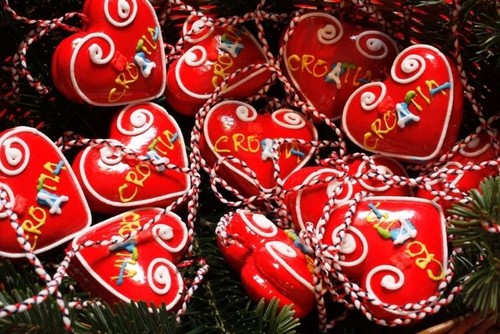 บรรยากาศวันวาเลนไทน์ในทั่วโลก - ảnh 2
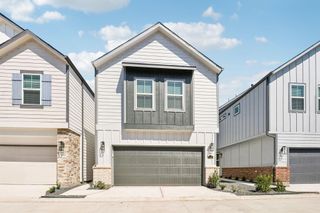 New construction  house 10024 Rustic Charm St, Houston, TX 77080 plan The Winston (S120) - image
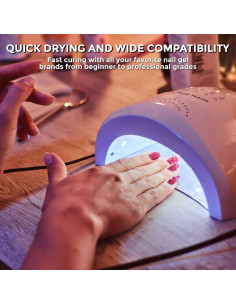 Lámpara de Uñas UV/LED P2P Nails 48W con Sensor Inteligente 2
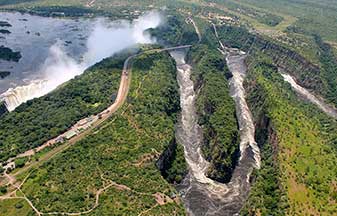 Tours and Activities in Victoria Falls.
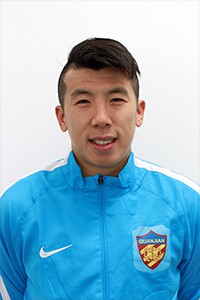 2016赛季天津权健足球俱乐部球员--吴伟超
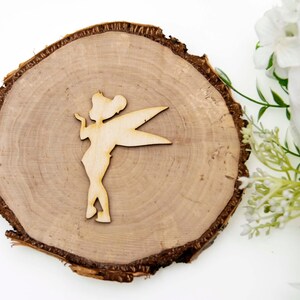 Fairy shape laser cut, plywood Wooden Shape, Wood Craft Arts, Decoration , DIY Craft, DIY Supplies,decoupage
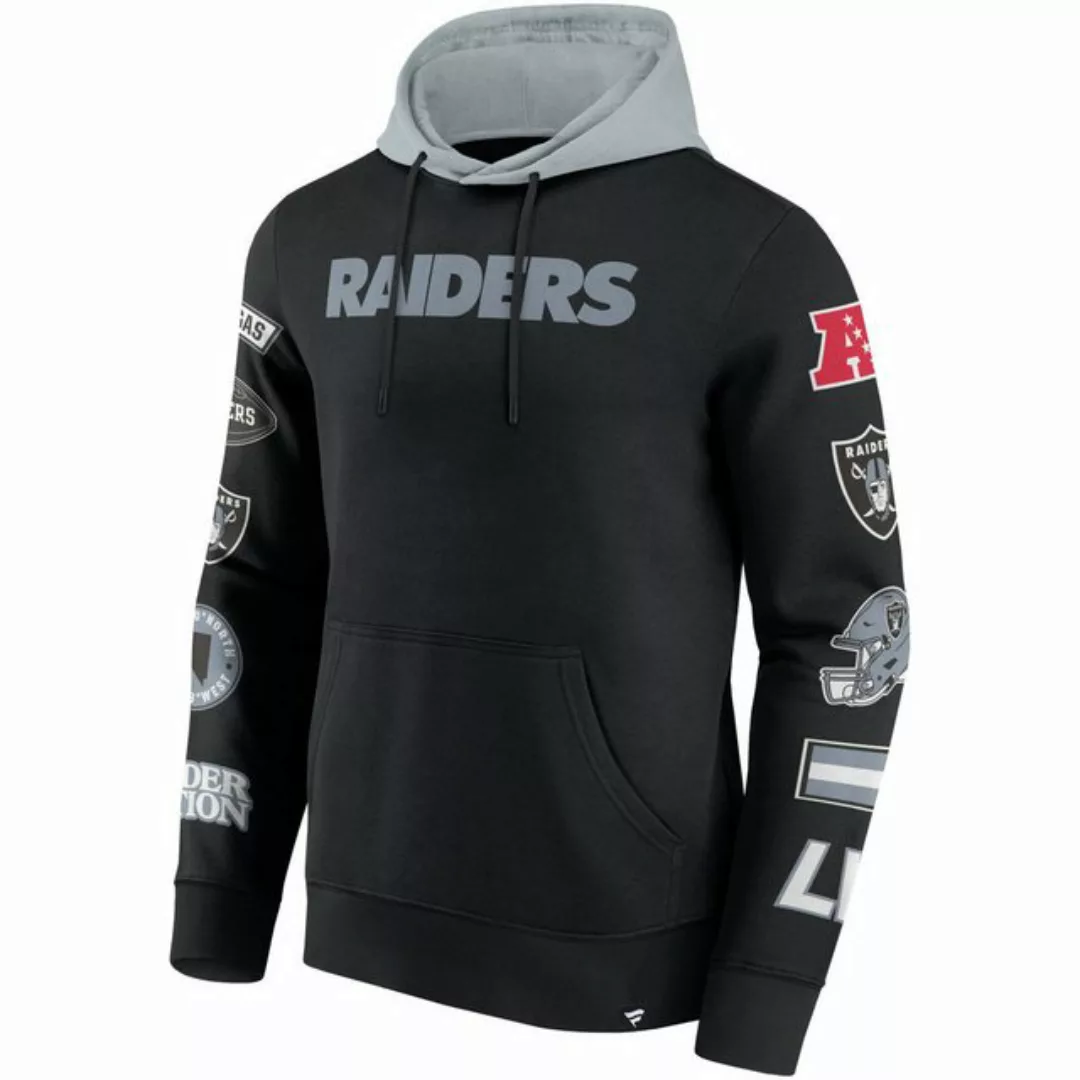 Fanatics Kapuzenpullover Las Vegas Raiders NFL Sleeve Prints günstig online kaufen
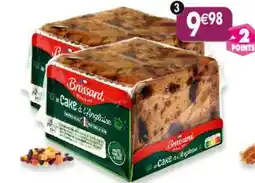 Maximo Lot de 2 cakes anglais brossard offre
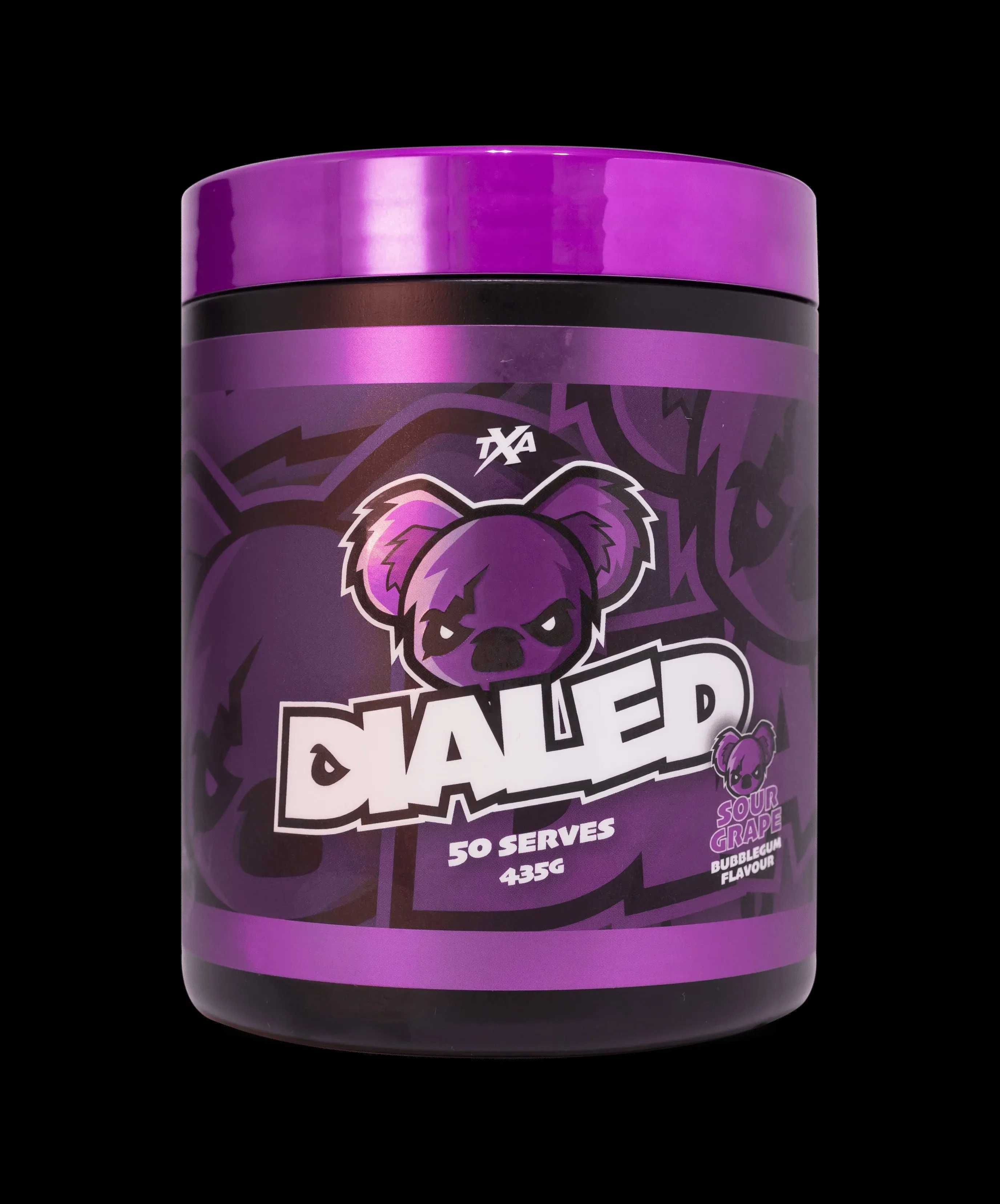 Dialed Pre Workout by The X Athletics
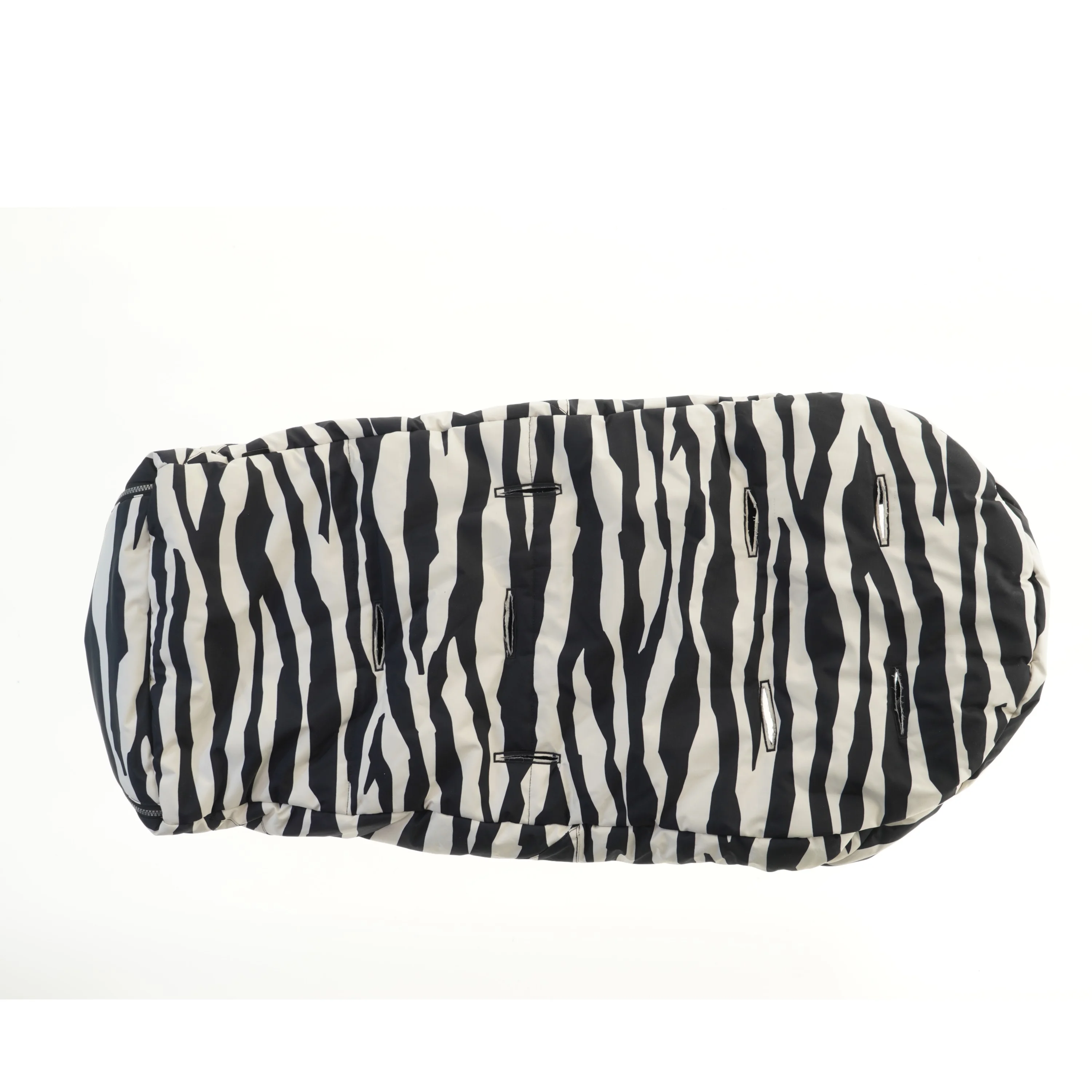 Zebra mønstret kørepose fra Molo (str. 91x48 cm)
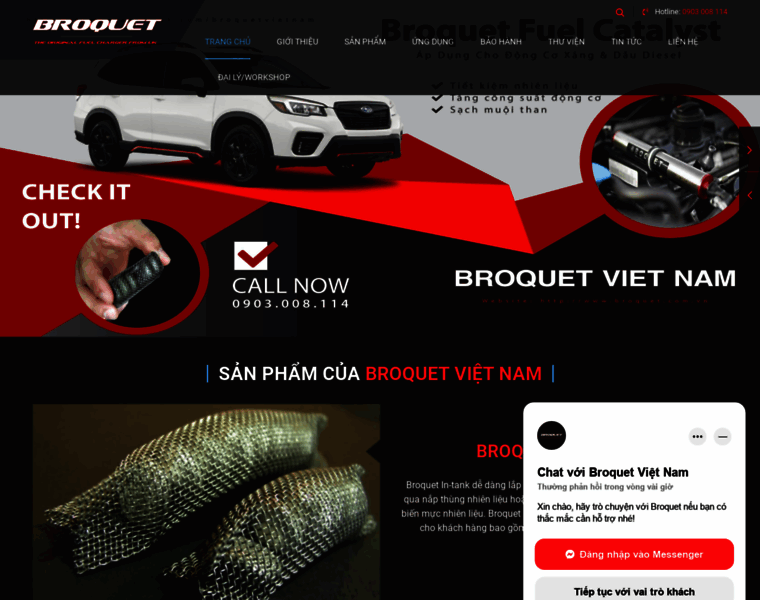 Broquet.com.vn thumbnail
☆ ☆ ☆ ☆
Problem details: Could you restate every entry above word for word, leaving out the pictures?

Your response:
 บรรยากาศวันวาเลนไทน์ในทั่วโลก - ảnh 2
 New construction  house 10024 Rustic Charm St, Houston, TX 77080 plan The Winston (S120) - image
 Lámpara de Uñas UV/LED P2P Nails 48W con Sensor Inteligente 2
 Tours and Activities in Victoria Falls.
 2016赛季天津权健足球俱乐部球员--吴伟超
 Fairy shape laser cut, plywood Wooden Shape, Wood Craft Arts, Decoration , DIY Craft, DIY Supplies,decoupage
 Fanatics Kapuzenpullover Las Vegas Raiders NFL Sleeve Prints günstig online kaufen
 Maximo Lot de 2 cakes anglais brossard offre
 Dialed Pre Workout by The X Athletics
 Zebra mønstret kørepose fra Molo (str. 91x48 cm)
 Broquet.com.vn thumbnail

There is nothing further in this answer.